On Cloud Database Management Systems. Interview with Rahul Pathak.
IT teams no longer want to be consumed by undifferentiated heavy lifting so that they can focus on strategic business goals and innovation. This is very liberating, and we believe that this is a major growth driver.
Q1: In your opinion what is the status of the database market today and in the next years to come?
Rahul: The broader database market trend is more of a question for analysts. Our unwavering focus is to continue innovating on behalf of customers to make advanced database features more approachable while reducing the costs and complexities of maintaining databases. IT teams no longer want to be consumed by undifferentiated heavy lifting so that they can focus on strategic business goals and innovation. This is very liberating, and we believe that this is a major growth driver.

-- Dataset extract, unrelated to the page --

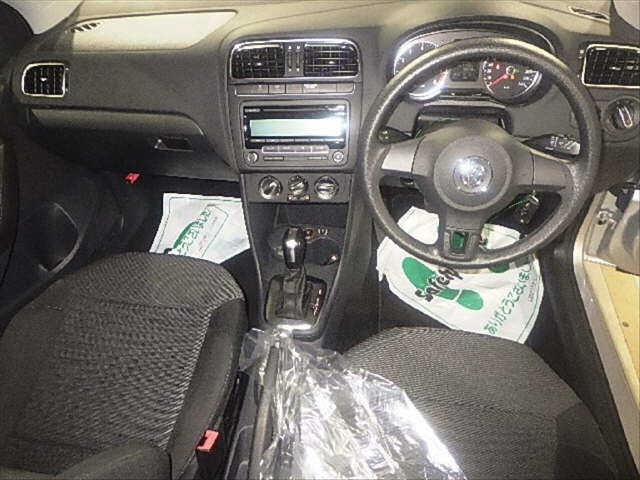 VOLKSWAGEN POLO 2011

Q2: You just wrapped up re:Invent 2022. Is re:Invent the high point of the year in terms of your database announcements?
Rahul: re:Invent is always an exciting and energizing event. That said, we actually release new innovations throughout the year, when they are ready. For example, we released some big innovations earlier in 2022, like Amazon Aurora Serverless v2, Amazon RDS Multi-AZ with two readable standbys, and a whole lot more. We also have announcements at re:Invent in addition to providing attendees a hands-on learning experience of our services.
Q3: Can you share some details on these more notable launches prior to re:Invent?

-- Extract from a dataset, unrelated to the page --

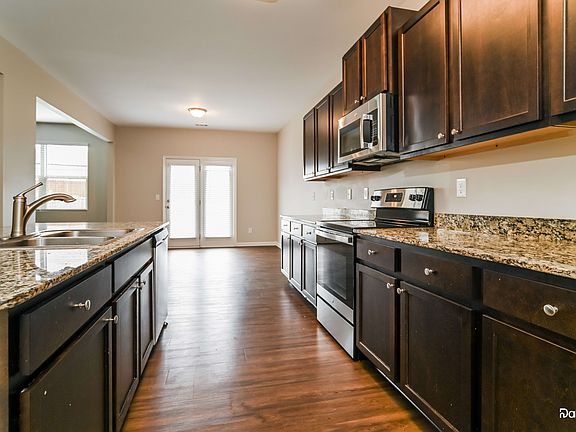 2nd image of 613 Yazzie Pl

Rahul: Absolutely. We launched Amazon Aurora Serverless v2 (ASv2), which provides customers the ability to instantly scale up and down in fine grained increments based on their application’s needs. ASv2 is particularly useful for spiky, intermittent, or unpredictable workloads. Manually managing database capacity can take up valuable time and can lead to inefficient use of database resources. With ASv2, customers only pay on a per-second basis for the database capacity that you use when the database is active. ASv2 has become the fastest adopted feature in the history of Aurora. Customers, like Liberty Mutual, S&P Global, and AltPlus, have used ASv2 to reduce their costs while achieving improved database performance.
Another feature launch that has proven compelling to customers is the release of Amazon RDS Multi-AZ with two readable standbys in different AZs, improving both performance and availability. As you may know, we launched Multi-AZ deployment back in 2020 in which we automatically create a primary database (DB) instance and synchronously replicate the data to an instance in a different AZ. When it detects a failure, Amazon RDS automatically fails over to a standby instance without manual intervention. Now, the launch of Multi-AZ two standbys adds another layer of protection and significant performance benefits. With this feature, failovers typically occur in under 35 seconds with zero data loss and no manual intervention. Customers can gain read scalability by distributing traffic across two readable standby instances and up to 2x improved write latency compared to Multi-AZ with one standby.
Q4: During re:Invent, it was mentioned that AWS also recently launched serverless and global database for your graph database, Amazon Neptune. Can you share some details on this?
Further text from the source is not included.